Protected: Chichester Science Technology Engineering Maths & Higher Education Building

This project delivers a dedicated facility for advanced engineering, science, and higher education. It acts as a living lab for sustainability, achieving RIBA’s 2025 embodied carbon target while forging critical industry partnerships with organizations like Rolls Royce.

The STEM and HE project involved constructing a four-storey, high-quality build to provide dedicated facilities supporting higher education and the Automotive, Engineering, Science, and Digital curriculum. The new building incorporates a vehicle workshop, science labs, a lecture theatre, and an independent study centre for STEM students.

This project is a critical phase of the College Estate Strategy and campus masterplan, aiming to replace poor-quality buildings and enhance the college’s strong reputation. A key to its success is fostering genuine partnerships between education and industry, notably with Rolls Royce. The facilities are designed to reflect this emphasis on higher skills and collaborative employer engagement, creating spaces for specialist skills training, multidisciplinary working, and independent research. The goal is to create a distinctive, high-quality, and modern learning environment.

Client and Strategic Value

The primary value created for the client was a bespoke, high-quality facility that addresses the strategic need to enhance the STEM and Higher Education (HE) curriculum. This directly supports the College’s Estate Strategy by replacing a tired, redundant building and elevating the campus’s overall identity and profile.

Our resourceful thinking involved designing a structure that integrates multiple specialist functions—from a vehicle workshop to advanced science labs—into a cohesive, modern building, future-proofing their provision.

Community and Industry Value

The project creates significant value for learners, employer partners, and the wider community. For students, it provides industry-standard teaching and learning facilities, ensuring they gain relevant, up-to-date skills. For employer partners, like Rolls Royce (who run a partnership apprenticeship program), the building fosters stronger collaboration, allowing for higher skills training and research vital to new technologies, such as electric and hybrid automotive systems.

This elevates the regional skills base and strengthens links between education and local industry.

Direct and Economic Impact

The most direct impact is the creation of a 3825 m2 Gross Internal Floor Area (GIFA) facility for advanced engineering, automotive, science, and flexible teaching. Economically, this investment creates a distinctive and prominent identity for the College, helping to attract learners and employer partners and ultimately raising the profile of the region’s automotive and engineering provision.

It supports the development of crucial skills for new technologies, including the move towards electric and hybrid vehicles in the manufacturing industries.

Social and Environmental Impact

The building’s presence has a strong social impact by providing an improved learning environment that supports both specialist training and multidisciplinary collaboration. Stakeholders have noted the positive effect of replacing the old structure with a vibrant, high-quality addition, which enhances the overall campus experience.

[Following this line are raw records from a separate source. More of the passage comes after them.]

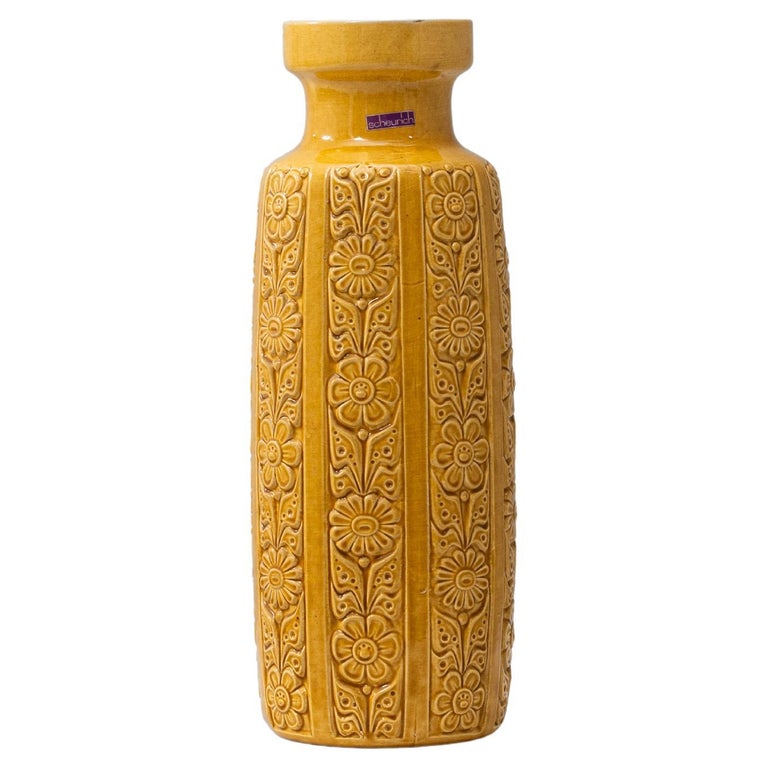 Deutsche Keramikvase aus der Jahrhundertmitte, senfgelb, W. Deutschland, 1960 im Angebot bei 1stDibs Deutschland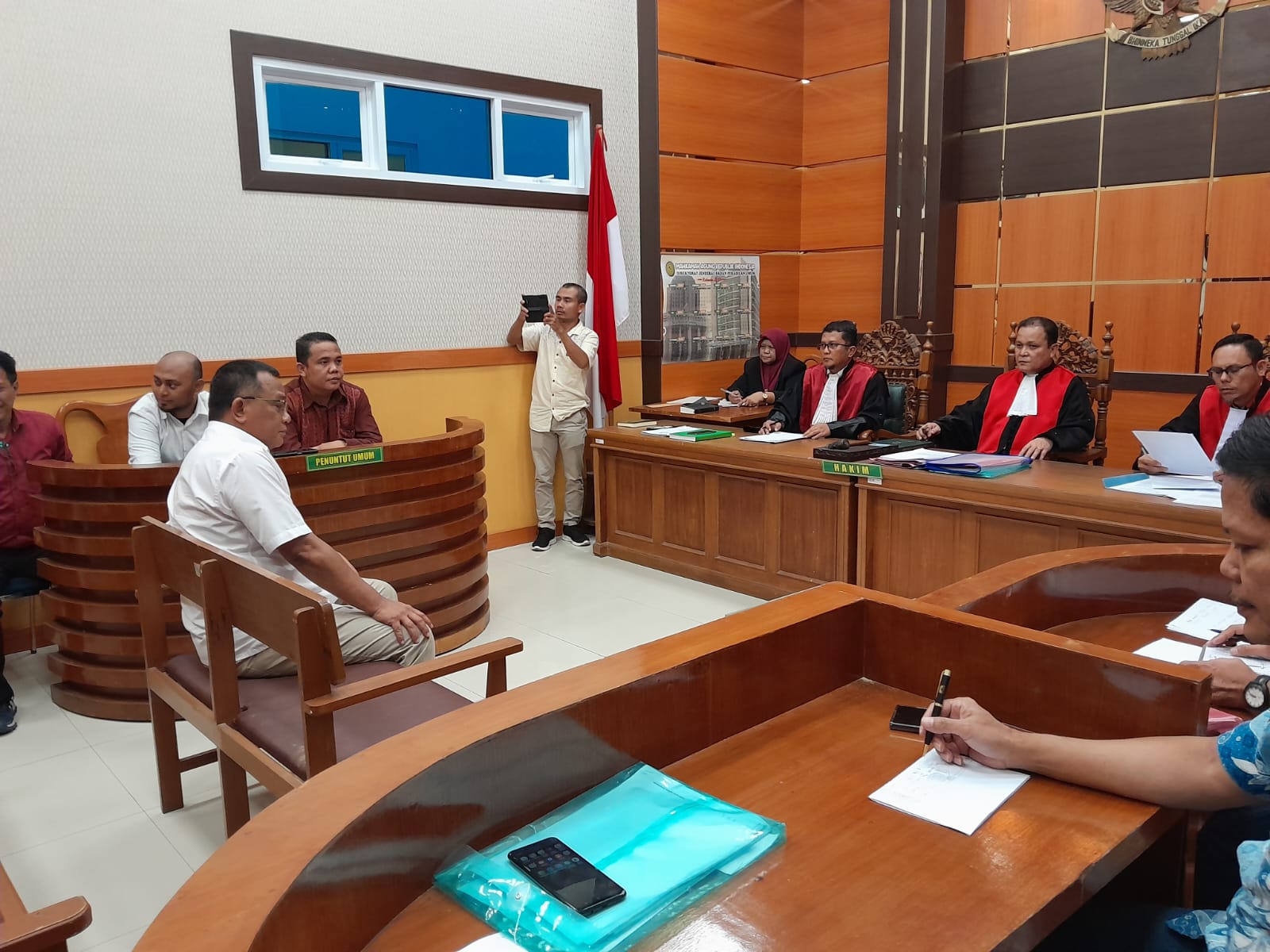 Ketua Umum DPP KSPSI Jumhur Hidayat menjadi saksi ahli dalam sidang perselisihan antara SPSI dan Manajemen PT. KSI.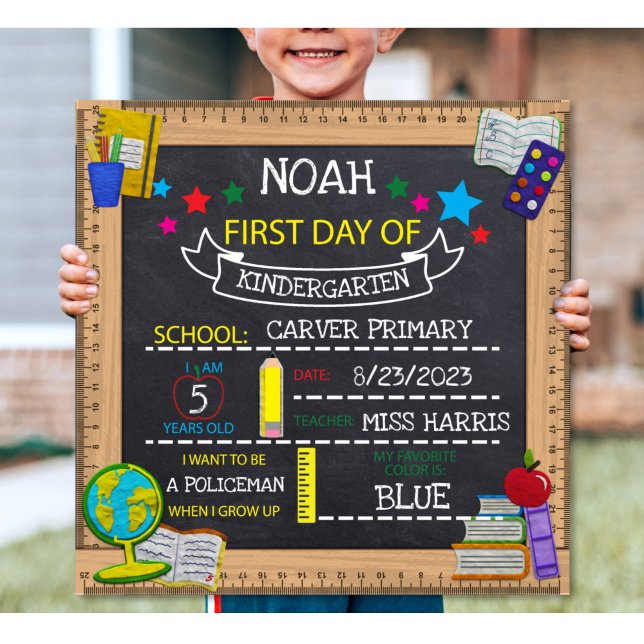 Affiche Premier jour de l'école Remplir dans les blancs ta (First Day of School Fill In Blanks Chalkboard Poster
)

Indirectly, the building aims to be a learning tool for best practice in sustainable engineering and construction, positively impacting the environmental awareness of future graduates.

Technical Expertise and Fabric First

Our technical expertise was critical in achieving a highly sustainable outcome, driven by a ‘fabric first’ approach. Engineers undertook a thermal/energy model to define targets, resulting in very high air tightness and low U-values that surpass current building regulations.

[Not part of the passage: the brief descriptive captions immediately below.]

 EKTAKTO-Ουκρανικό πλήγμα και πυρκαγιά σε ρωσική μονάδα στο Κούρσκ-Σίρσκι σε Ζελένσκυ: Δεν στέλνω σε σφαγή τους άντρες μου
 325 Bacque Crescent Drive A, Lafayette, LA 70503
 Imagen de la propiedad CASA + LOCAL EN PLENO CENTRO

This focus on the building envelope ensures spatial efficiency and a permanently lower operational energy demand, aligning with the College’s carbon reduction goals and the DfE’s requirements toward the Government’s 2050 Net Zero target.

Carbon Reduction and RIBA 2030 Challenge

By signing up to the RIBA 2030 Zero Carbon Climate Challenge, we demonstrated commitment to future-aligned performance targets.

Through early embodied carbon analysis and careful material selection, the project achieved 634 kgCO2​e/m2, meeting the RIBA’s challenging 2025 embodied carbon target.

This was accomplished by specifying materials like 70% GGBS (Ground Granulated Blast-furnace Slag) in the foundations and floor decks, using an electro-arc furnace steel frame, and integrating low carbon energy systems like all-electric air source heat pumps and photovoltaics.

Furthermore, the building serves as a learning example for the College’s engineering curriculum.